For a personal being psychologically persistent, others have a harder time seeing it which makes helping extremely difficult. For instance, I have a social anxiety not seen by others. The first time you meet me I come across shy and quiet but I am anything but. It takes me a long time to become comfortable around people. Since I do not wear a sign saying “I have social anxiety, go easy on me.” People tend to ignore me and think I am shy or antisocial. They do not see how hard I am trying to be in public or around large groups, therefor they cannot help me or make it easier for me.
While there are different ways to be persistent depending on what type of situation a person is in, there are also similarities. In the article “7 Sure- Fire Way to Develop Persistence”, the article gives seven steps, of that a few would be appropriate for both a psychological and physical situation. The step that is similar in the article is the first step, “Learn the life of successful people”, that in order to become persistent one must learn the ways of an already successful person. (Latumahina)
For a physical persistence, one must learn from a trainer or someone who has done the same thing you are trying to do. For example, if a person is trying to learn to walk again, that person would go to a trainer and hang out with people who have lost that ability and gained it back as well as people going through it. A person being psychologically persistent in the aspect of experiencing the death of a parent, taking the step to go to a group meeting for people who have experienced the same loss who have made progress would be beneficial.
Which is harder, physical persistence, or psychological persistence?
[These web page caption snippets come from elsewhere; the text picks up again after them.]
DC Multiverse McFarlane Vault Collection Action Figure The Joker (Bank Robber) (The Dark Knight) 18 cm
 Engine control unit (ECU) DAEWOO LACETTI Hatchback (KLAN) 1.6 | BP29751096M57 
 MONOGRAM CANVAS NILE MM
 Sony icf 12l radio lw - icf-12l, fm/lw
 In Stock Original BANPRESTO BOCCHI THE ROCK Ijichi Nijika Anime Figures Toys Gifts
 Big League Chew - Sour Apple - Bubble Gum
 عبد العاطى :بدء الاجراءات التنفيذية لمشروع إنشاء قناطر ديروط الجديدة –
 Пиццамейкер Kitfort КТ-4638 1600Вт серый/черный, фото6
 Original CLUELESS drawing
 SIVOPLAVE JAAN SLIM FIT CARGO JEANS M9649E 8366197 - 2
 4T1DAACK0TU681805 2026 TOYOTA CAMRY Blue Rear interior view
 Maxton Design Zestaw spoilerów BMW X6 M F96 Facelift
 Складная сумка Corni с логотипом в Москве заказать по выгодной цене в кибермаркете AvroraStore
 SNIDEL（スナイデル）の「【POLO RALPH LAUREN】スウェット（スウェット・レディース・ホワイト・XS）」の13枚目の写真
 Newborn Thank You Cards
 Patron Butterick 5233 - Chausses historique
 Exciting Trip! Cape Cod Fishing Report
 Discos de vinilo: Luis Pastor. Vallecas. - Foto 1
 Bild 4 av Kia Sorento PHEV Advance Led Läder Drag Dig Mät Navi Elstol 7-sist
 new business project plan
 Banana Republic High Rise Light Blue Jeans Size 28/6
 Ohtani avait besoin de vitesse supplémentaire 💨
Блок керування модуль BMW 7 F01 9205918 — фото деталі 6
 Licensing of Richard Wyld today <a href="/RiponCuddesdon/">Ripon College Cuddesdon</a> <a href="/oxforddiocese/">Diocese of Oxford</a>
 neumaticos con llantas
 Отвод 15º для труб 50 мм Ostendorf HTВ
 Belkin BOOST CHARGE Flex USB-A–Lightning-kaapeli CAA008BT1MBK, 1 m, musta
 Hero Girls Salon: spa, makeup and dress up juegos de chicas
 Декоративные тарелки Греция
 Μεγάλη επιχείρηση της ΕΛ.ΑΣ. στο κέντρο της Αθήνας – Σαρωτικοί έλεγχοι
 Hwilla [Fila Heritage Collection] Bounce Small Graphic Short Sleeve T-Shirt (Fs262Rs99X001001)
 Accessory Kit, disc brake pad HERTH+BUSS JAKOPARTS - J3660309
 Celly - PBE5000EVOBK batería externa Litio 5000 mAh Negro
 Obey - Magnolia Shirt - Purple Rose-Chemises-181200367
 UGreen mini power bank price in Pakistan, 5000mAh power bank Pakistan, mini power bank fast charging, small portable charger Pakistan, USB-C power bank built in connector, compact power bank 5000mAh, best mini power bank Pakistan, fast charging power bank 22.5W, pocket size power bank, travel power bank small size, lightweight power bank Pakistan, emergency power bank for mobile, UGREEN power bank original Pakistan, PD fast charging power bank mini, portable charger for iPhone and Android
It is not clear cut. Physical persistence may have a guided time line along with steps to take and psychological persistence does not have a timeline but does have steps to take. Both types of perseverance, psychological and physical, require a ready mind. To say which persistence is harder, is to guess blindly without any knowledge. It depends on the situation, one physical persistence might be hard to overcome then one psychological persistence. The goal is to “Keep a Positive Mental Attitude” (Macabasco), if one loses that there is a strong chance to fail at the goal desired. A positive mind is the one common thread among both types of persistence.
Latumahina, Donald. “7 Sure-Fire Ways to Develop Persistence.” Life Optimizer RSS. Life Optimizer, n.d. Web. 06 Apr. 2015.
Macabasco, Lou. “6 Effective Ways to Become Persistent.” Lifehack RSS. Lifehack, n.d. Web. 13 Apr. 2015.
Arruda, J. “Preceding to Move Forward.” Thesis. Bristol Community College, 2015. Web.